What you should do — Find how many lines below mention "Coffee". Nothing but the number is needed.

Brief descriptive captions
>>>

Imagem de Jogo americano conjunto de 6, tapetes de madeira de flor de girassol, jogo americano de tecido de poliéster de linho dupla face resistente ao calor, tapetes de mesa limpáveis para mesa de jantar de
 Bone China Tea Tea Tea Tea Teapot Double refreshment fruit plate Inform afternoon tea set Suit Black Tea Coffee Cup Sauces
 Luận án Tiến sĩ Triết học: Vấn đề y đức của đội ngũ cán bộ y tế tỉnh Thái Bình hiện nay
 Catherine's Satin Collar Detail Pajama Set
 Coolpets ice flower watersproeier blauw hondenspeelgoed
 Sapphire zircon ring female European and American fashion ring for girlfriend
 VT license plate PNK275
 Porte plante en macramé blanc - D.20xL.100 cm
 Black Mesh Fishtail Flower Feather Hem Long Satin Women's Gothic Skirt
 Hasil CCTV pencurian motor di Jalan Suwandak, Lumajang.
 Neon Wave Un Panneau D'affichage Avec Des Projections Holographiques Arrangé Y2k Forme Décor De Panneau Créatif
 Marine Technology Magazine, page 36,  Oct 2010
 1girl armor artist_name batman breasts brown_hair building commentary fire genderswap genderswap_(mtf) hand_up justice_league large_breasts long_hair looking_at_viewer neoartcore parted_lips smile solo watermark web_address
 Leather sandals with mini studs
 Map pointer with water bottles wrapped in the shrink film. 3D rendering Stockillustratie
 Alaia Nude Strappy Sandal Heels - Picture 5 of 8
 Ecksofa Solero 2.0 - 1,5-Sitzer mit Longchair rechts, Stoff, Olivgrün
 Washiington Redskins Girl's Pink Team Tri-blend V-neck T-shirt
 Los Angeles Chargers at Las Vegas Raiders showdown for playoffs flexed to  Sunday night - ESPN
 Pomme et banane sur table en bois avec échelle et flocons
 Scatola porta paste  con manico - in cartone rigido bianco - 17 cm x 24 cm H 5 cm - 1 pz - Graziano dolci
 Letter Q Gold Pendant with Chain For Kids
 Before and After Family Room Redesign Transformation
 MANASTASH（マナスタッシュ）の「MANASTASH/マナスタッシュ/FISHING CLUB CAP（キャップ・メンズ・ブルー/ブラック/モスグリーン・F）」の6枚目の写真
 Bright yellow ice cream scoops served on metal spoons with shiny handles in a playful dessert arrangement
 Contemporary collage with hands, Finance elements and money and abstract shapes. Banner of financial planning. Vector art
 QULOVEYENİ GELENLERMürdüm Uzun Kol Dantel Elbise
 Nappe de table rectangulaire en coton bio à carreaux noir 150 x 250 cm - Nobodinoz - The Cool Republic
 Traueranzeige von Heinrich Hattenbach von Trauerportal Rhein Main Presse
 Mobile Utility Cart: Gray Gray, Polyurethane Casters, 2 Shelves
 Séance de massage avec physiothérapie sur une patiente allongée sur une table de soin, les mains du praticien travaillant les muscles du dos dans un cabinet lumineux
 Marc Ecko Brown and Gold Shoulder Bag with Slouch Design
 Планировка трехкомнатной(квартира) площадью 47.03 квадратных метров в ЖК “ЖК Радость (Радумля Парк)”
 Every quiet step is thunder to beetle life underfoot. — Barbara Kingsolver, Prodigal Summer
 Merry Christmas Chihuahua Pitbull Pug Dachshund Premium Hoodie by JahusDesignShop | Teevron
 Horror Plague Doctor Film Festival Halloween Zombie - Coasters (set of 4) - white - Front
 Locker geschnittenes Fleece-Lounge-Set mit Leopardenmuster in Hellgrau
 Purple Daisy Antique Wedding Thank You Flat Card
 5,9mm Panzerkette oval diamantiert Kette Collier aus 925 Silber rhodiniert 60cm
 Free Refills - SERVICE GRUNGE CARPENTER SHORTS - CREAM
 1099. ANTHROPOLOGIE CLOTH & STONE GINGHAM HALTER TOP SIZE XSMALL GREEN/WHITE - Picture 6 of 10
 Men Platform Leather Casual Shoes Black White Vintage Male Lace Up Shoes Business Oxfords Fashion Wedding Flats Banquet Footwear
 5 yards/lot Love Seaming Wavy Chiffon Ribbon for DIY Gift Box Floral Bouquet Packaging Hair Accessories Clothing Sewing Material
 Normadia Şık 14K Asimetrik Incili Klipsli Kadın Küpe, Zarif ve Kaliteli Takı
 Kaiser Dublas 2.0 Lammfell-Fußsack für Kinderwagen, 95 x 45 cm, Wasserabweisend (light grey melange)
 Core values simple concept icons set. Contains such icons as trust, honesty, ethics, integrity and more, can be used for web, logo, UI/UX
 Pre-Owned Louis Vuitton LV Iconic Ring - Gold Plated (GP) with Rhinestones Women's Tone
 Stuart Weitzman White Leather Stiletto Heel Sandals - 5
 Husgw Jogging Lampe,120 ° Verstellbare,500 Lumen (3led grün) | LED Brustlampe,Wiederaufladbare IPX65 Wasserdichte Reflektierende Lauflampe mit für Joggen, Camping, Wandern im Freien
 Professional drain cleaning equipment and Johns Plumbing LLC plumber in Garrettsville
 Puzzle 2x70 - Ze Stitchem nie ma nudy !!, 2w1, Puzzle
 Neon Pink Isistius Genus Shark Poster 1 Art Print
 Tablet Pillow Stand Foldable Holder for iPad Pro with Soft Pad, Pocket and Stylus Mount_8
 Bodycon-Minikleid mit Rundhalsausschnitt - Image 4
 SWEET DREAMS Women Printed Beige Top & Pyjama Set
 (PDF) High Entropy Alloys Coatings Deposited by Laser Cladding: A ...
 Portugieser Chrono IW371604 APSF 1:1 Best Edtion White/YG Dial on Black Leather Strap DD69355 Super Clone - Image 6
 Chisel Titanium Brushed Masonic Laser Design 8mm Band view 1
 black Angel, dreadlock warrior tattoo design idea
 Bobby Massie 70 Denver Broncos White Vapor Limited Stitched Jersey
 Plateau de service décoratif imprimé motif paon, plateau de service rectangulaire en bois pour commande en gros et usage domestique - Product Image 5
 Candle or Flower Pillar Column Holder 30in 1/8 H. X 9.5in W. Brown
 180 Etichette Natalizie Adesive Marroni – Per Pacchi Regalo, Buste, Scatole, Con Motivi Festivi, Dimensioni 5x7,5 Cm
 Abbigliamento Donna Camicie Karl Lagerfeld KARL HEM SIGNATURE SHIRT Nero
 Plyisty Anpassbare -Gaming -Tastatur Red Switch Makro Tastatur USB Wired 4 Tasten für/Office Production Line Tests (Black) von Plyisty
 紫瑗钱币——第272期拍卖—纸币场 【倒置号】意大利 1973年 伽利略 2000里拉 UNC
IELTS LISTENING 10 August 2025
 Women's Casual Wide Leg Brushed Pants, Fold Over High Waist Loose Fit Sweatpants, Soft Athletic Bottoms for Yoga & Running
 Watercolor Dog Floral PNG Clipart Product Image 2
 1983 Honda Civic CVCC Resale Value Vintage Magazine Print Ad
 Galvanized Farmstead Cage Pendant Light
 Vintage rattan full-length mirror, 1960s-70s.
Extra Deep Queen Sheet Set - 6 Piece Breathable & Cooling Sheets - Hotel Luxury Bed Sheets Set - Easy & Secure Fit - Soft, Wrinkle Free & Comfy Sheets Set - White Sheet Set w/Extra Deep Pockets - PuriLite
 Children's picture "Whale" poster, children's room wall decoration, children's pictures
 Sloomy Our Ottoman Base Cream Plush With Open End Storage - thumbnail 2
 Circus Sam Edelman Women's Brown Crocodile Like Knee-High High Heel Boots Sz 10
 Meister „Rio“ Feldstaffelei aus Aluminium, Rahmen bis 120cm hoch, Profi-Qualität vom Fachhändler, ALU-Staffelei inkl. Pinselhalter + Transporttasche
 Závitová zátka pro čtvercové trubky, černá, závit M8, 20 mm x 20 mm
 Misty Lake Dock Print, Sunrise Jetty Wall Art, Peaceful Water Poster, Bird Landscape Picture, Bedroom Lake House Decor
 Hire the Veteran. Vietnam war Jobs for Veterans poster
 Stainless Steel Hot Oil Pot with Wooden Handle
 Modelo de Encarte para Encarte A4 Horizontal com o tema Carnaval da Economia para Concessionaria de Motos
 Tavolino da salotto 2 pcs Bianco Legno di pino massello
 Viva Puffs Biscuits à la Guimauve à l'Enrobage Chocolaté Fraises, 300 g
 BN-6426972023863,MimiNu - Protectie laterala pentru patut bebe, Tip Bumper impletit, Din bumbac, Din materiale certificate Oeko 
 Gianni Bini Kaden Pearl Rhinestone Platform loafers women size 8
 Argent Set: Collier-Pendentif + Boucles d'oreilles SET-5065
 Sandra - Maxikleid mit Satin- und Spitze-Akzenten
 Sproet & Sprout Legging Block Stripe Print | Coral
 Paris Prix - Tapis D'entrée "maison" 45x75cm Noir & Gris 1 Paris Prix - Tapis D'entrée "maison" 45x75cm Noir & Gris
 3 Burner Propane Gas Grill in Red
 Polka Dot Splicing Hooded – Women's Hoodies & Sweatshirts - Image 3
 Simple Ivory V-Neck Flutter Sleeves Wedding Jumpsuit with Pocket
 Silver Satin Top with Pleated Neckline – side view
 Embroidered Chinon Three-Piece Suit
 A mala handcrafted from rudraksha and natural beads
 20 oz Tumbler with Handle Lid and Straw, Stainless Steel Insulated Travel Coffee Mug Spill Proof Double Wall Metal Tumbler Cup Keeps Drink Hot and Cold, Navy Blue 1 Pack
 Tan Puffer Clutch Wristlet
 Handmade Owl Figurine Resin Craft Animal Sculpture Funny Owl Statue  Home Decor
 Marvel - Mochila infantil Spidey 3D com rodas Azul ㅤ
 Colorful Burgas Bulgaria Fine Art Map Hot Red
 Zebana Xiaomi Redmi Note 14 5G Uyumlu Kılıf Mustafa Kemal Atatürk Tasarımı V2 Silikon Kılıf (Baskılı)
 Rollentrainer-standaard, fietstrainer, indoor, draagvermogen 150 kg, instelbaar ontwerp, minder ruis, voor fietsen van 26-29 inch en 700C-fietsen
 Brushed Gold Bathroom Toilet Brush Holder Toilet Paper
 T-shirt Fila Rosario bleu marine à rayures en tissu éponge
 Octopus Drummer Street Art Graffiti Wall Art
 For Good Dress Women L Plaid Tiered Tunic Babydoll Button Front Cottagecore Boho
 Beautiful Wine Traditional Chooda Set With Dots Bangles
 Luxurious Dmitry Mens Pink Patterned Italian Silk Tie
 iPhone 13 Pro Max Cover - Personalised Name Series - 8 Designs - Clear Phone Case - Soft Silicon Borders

<<<

Answer section — 2